Nougat (Neural Optical Understanding for Academic Documents) is an encoder/decoder transformer model developed by Meta. It can perform OCR and convert PDFs to MultiMarkdown (.mmd) format. It was specifically designed to parse academic documents, preserving text, math equations, formulas, and tables. It also simplifies the conversion of PDFs to LaTeX format.

Nougat is built using the Document Understanding Transformer (DONUT) architecture. You can train or fine-tune Nougat on your own dataset.

It functions as a command-line interface (CLI) program that you can install by executing the following command: pip install nougat-ocr .

Here's how you can use Nougat to OCR and convert a PDF file to Markdown:

nougat ./files/invoice.pdf  -o ./out

It will generate a file invoice.mmd in your output directory.

You can also run Nougat from your Python code:

import os
cmd = 'nougat ./files/invoice.pdf  -o ./out'
os.system(f"{cmd}")

To process multiple PDF files in a batch:

import os
cmd = "nougat -o ./out"
pdf_dir = './files'

for pdf in os.listdir(pdf_dir):
    os.system(f"{cmd} pdf ./files/{pdf}")

I've attempted to convert a sample invoice (an image that imitates a scanned document). The text was mostly extracted correctly, but almost without any formatting or tables in the output.

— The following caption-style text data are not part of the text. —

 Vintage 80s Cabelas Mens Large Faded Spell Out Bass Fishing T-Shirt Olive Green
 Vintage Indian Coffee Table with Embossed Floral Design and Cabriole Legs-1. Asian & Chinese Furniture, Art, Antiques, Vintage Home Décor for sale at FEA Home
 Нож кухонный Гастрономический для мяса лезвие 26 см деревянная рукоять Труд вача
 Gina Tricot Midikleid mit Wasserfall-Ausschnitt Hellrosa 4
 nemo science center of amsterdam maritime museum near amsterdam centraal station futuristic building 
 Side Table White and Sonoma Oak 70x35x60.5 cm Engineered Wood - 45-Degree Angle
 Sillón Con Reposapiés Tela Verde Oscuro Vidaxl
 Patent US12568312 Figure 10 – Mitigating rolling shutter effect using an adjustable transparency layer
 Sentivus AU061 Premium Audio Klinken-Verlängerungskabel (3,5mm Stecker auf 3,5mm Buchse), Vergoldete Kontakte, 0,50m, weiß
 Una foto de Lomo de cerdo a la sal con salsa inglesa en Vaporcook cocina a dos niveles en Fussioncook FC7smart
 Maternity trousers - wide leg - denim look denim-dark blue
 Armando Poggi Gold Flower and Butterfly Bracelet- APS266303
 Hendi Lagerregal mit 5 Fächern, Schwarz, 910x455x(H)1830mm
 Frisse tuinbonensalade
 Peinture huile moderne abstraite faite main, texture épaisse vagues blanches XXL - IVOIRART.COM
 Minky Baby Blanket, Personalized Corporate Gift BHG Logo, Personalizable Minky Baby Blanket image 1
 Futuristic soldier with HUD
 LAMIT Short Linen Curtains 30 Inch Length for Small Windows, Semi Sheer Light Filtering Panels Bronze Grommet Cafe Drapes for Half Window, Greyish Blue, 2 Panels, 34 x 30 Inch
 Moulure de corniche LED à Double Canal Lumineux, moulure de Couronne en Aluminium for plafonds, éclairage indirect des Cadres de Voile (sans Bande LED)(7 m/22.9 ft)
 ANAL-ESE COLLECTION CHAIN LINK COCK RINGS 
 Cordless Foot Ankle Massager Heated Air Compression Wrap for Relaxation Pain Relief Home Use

Then, I tried to parse a simple table with handwritten text. Again, the text (including the handwritten part) was extracted quite accurately, but without any formatting.

Meta's Nougat model is an excellent choice for scientific documents and articles with text paragraphs, formulas, and tables, but it performs much less effectively for invoices and other types of documents.

References:

GitHub: https://github.com/facebookresearch/nougat
Project page: https://facebookresearch.github.io/nougat/
Paper: https://arxiv.org/abs/2308.13418

Conclusion

We have tested three AI models for OCR and PDF document extraction tasks: Claude 3, Donut, and Nougat. Each of them yielded satisfactory results and has its own advantages and disadvantages.

The Claude 3 model is likely the most flexible, allowing for quick creation of a custom extraction schema. However, it might not be the best choice for parsing large documents.